The basic search of Twitter recognises similar search operators to other search engines, such as the boolean operator OR (AND is assumed), and the minus sign (-) to exclude results with chosen terms, as well as quotation marks and filters (see figure 4).
The filter search operator is another way in which researching on Twitter is made much more rewarding. Links, however, don’t just include links to articles on the web, but also photographs. This makes the “filter:links” way of searching less effective than the html option discussed above if you are searching for written material to use for research purposes (see figure 5).
If there is a prominent person in the field you are studying on twitter, searching twiter to target that person and their tweets related to your research is also possible. For example, we were provided with the name of a prominent advocate in Inquiry Learning, and her twitter handle – @kjinquiry. To search for all her tweets about inquiry learning, the search string from:@kjinquiry “inquiry learning” is entered, filtering her tweets to those that meet your research needs (see figure 6).
There are some other handy Twitter search strategies provided here.
Twitter is a great platform from which to research, as it provides up-to-date, topical material on a wide range of subject, with an almost bottomless-pit range of material. Whilst the amount of material on Twitter is great, it can also be quite daunting. The range of material that can be found via research on Twitter is also much wider than searching on academic databases such as ProQuest. It is similar to Google in its breadth of material, but feels much more contemporary, and can be manipulated to produce more precise, accurate and relevant results when searching.
Google Plus is a social media tool I had previously been largely unaware of, however my recent experience on this platform made me keen to learn more and familiarise myself with its functions.
Google Plus is divided up into Collections, Communities, People and Pages, and more – like its parent, Google, it is a complex beast.
Google Plus Collections is where I will spend most of my time, as this is the platform where Google enables users to curate collections based on areas of interest.
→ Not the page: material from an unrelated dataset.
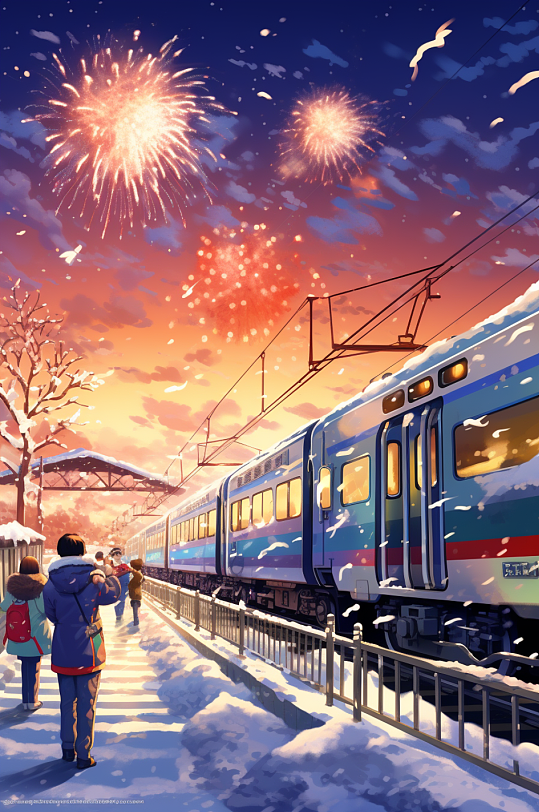 AI数字艺术过年回家春运火车背景插画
Searching Collections, is a simple matter of selecting Collections from the dropdown menu, and then putting your search term in the search box (see figure 7). The search results are fairly broad, and this is where Collections gets a little unwieldy as finding articles requires trawling through the resulting collections curated by Google Plus Community users. Whilst searching using Google’s recognised search operators (see post on Google expert searching) works within Google Collections, the issue here is that searching happens on a collections-level. What this means is that excluding terms from search results using the minus sign (-), results in whole collections being excluded from the results on the basis that there is an article or source within the collection that contains this term. As such, the user is missing out on all the other material in the collection. So whilst Google Plus Collections contains a wealth of pre-curated research information, it is not very user-friendly at this point in time for those who are “on a mission” to find information.